Ну, говорю, папа, чего ты нервничаешь? Та самая блоха с того берега лужи, все очень просто, а красный паровозик - это команда "Феррари", мог бы и сам догадаться, чай, не маленький.
А сам понимаю, что фигню спорол ужасную и остается только плыть по течению, а уж куда оно меня выкинет - вопрос десятый.
Папа тем временем слегка успокоился, он у меня материалист и технарь, бегать за сынулей с осиновым колом и молотком - не его стиль, так вот, успокоился он и говорит: а пойдем-ка, сынуля, на кухню, поговорим.
Зашли, дверь закрыли, я чаю налил, сели за стол. И тут я порю второй косяк. Пододвигаю к себе пачку сигарет, вытаскиваю, закуриваю. А чо, серьезный разговор как раз под сигареты и чай, все нормально. Ну, говорю, давай спрашивай.
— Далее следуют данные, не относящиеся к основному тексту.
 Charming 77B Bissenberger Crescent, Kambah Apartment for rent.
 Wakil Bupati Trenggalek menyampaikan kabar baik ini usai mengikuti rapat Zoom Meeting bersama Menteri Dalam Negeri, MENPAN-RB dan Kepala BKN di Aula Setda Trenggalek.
Он аж побледнел, хоть и татарин смуглый. Воздух ротом весь хватает, а сказать ничего не может. Ну, тут и я засмущался, извини, говорю, папа, это я машинально. Да, я курю, но исключительно табак и исключительно на свои. У тебя та же самая ситуация, не находишь? А про гонку завтрашнюю, говорю, просто накатило что-то, ну ты понимаешь, эра Водолея, барабашки паранормальные, вон в Красноярске большом так вообще телефон-автомат блондинку изнасиловал, а у тебя сын просто результаты гонок предсказывает.
И чую я, что конструктивного диалога не вышло. Ладно, говорит. Иди, ложись спать. И дома курить не смей больше!
Ну я чо, пошел, повтыкал еще минут пятнадцать и спать лег. Тут чувствую - кто-то меня в плечо толкает. Просыпаюсь, смотрю - батя. И глаза странные. И рук не вижу, впотьмах-то. Ну все, думаю, пиздец, пришел папа с осинкой за спинкой. Вставай, говорит, пошли на кухню. Пошли так пошли, бог с тобой, голден фиш.
Пришли, сели. И тут папа двигает ко мне пачку сигарет, мол, закуривай. Я фигею, но закуриваю. Сенна-Прост-Хилл-Алези-Бергер, говорит он мне. Блин, и ради этого он меня разбудил в восемь утра! Да, говорю, знаю. Просто - знаю. Не спрашивай меня, откуда. Иногда я буду чревовещать, папа, и практически всегда в точку. Только в поликлинику для опытов не сдавай меня, пожалуйста, и ломом по голове не бей. Просто прими как данность. И деньги газетные у меня возьми, что я, не понимаю, семья большая, кормиться надо.
Вроде проникся. Ломаем стенку, ломаем.